UNITED STATES DISTRICT COURT FOR THE DISTRICT OF NEW MEXICO
Mar 21, 2013
No. CV 10-651 WPJ/LFG (D.N.M. Mar. 21, 2013)

Opinion

No. CV 10-651 WPJ/LFG

03-21-2013

Sandra Montoya, on Behalf of her Minor Child, S.M., et al., Plaintiffs, v. Española Public School District Board of Education, et al., Defendants.


MEMORANDUM OPINION AND ORDER GRANTING DEFENDANT BRIAN

MARTINEZ' MOTION TO DISMISS COUNTS 9 AND 10 OF THIRD AMENDED

COMPLAINT ON CLAIMS ASSERTED BY PLAINTIFF G.T.

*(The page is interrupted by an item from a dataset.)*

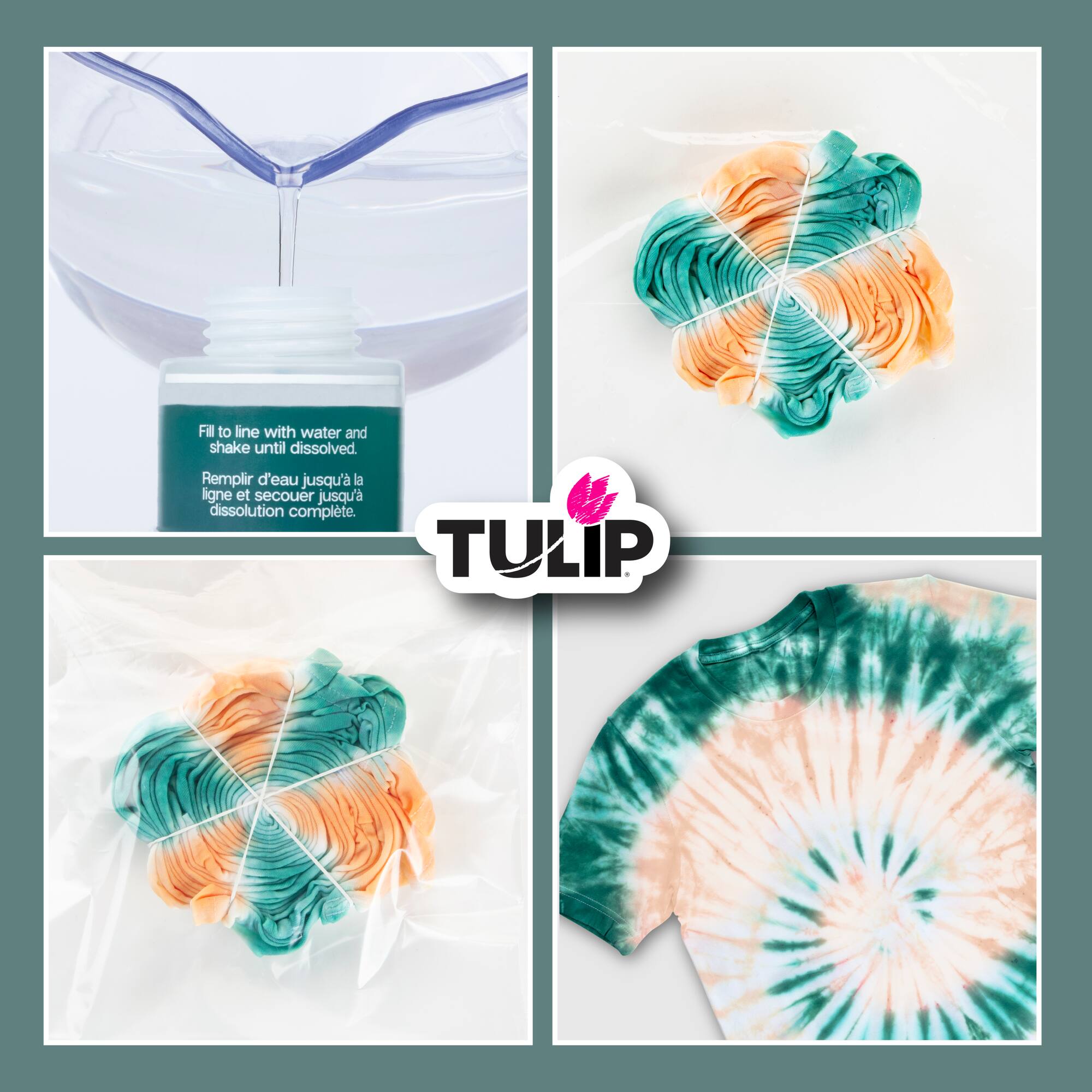 Tulip® Wilderness One-Step Tie-Dye Kit®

THIS MATTER comes before the Court upon Defendant Brian Martinez' Motion to Dismiss Third Amended Complaint and for Qualified Immunity, filed April 30, 2012 (Doc. 257). Having reviewed the parties' briefs and applicable law, I find that Defendant's motion is well-taken and shall be granted.

BACKGROUND

Plaintiffs are students who were enrolled at either Española Valley High School or Carlos Vigil Middle School in northern-central New Mexico. The Third Amended Complaint (Doc. 196), brought by the students' parents, seeks class certification pursuant to Fed. R. Civ. P. 23(b)(2), and alleges negligence, third-party beneficiary claims of breach of contract and breach of implied contract, and violations of various rights under the New Mexico and United States Constitutions. Plaintiffs allege that the school administration is apathetic about school safety, and that Defendants have created a dangerous environment for students, and have taken little or no action to prevent attacks on students by other students. A. Alleged Facts Relevant to Plaintiff G.T.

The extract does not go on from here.